There are so many articles written about how to potty train your toddler and there are so many fantastic looking time lines, that it all seems, on the face of it, to be very easy and smooth. Those of us who have gone through it, can tell you, categorically that no one in the world can set a time line for your toddler to be potty trained, except of course, your toddler.
As hard as it might be to hear/read, they will start using the potty when they are ready and no amount of bribing, scolding, praising, begging, explaining, will change that. The general age is between 18 months and 3 years.
Don’t allow pressure from other parents push you to start training before you feel your toddler is ready. It is important that you feel they are ready to start before introducing it. Bear in mind that most children won’t have full bladder control until about 3.5 or so. One of the best ways of gauging whether your child is ready is if there are consistent long periods of dryness especially after a nap.

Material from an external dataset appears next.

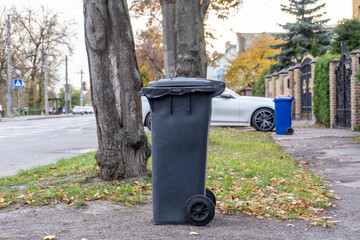 Obraz premium Black trash bin on the street beside a tree during autumn with fallen leaves and parked cars in the background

That said, there are a few tips that may help the process along.
- Buy a potty and let your toddler play with it for a little while. Let him/her get used to the feel of it, be it sitting on it, wearing it on his/her head, etc. Just so that when you start trying to train him/her, it is not with something they are not familiar with.
- Let them sit on it with their pampers on and make them laugh asking if they are pooing or weeing in a funny voice. Make pooing faces and weeing noises. Have a laugh and make it seem like a lot of fun. Make light of the whole thing.
- Buy a book about using a potty and start looking at the pictures together while your little one is playing with it or sitting on it. You tube also has some cute songs about using a potty.
- Start keeping the potty in the toilet. You can always pretend to need to use the loo and ask if they would like to sit with mummy/daddy.
- If it looks like your child is more interested in the toilet than the potty, all the better. Less work for you and faster training for your child. Get a seat he/she would like to sit on and go for it. Both seats listed below are pretty comfortable and fit on most toilet seats.
- Having a reward ready is good but be aware that it may not work with every child. (I am not a great fan of bribing but whatever works is great).
- Try to monitor times and start taking your little one to the toilet/potty around then. When you are in the toilet, talk to them about how grown up they are, compare them with a baby you know of, your own or someone else’s to show them how much bigger and older they are and how wonderful it is. Sometimes a little distraction might help take the fear away. Do this every 15 minutes or so around the time you know they usually need to go.
- If your child goes in their pamper, take it to the toilet, make them sit down and empty the pamper under them into the bowl so that they see where it all has to go. Flush together. It is always great fun to watch the water swallowing the poo (apparently)!!
- For boys, it is also lots of fun to aim at a cheerio or gummy bear floating around in a toilet bowl. Keep some handy and do a cheery dance round the toilet once the deed is done. Be prepared though that aiming, takes a while to perfect and even after being perfected, there are instances when your child will make a mistake or several !!
- If your child is older than the average age by when he/she needs to be potty trained, try going cold turkey. Lose the pampers but keep taking them to the toilet/potty every 15-20 minutes and asking them to sit for a little while. The moment they use the toilet/potty, a big cuddle and a kiss should follow. Be careful though that you don’t do too much praising and kissing and cuddling because you don’t want a situation where an accident brings on feelings of shame and disappointment.
- Make sure that your frustration or annoyance doesn’t show in the event that an accident does occur. Even if it is on a carpet!
- Best to potty train in the summer when there are less layers to take on and off.
- Another tip might be to start earlier than usual. I know someone who had huge success with her little one by taking her to the potty once she could sit up by herself. The little girl was trained by the age of 8 months.
- Always carry a spare seat in your car. Most kids don’t like public loos and the width may scare them.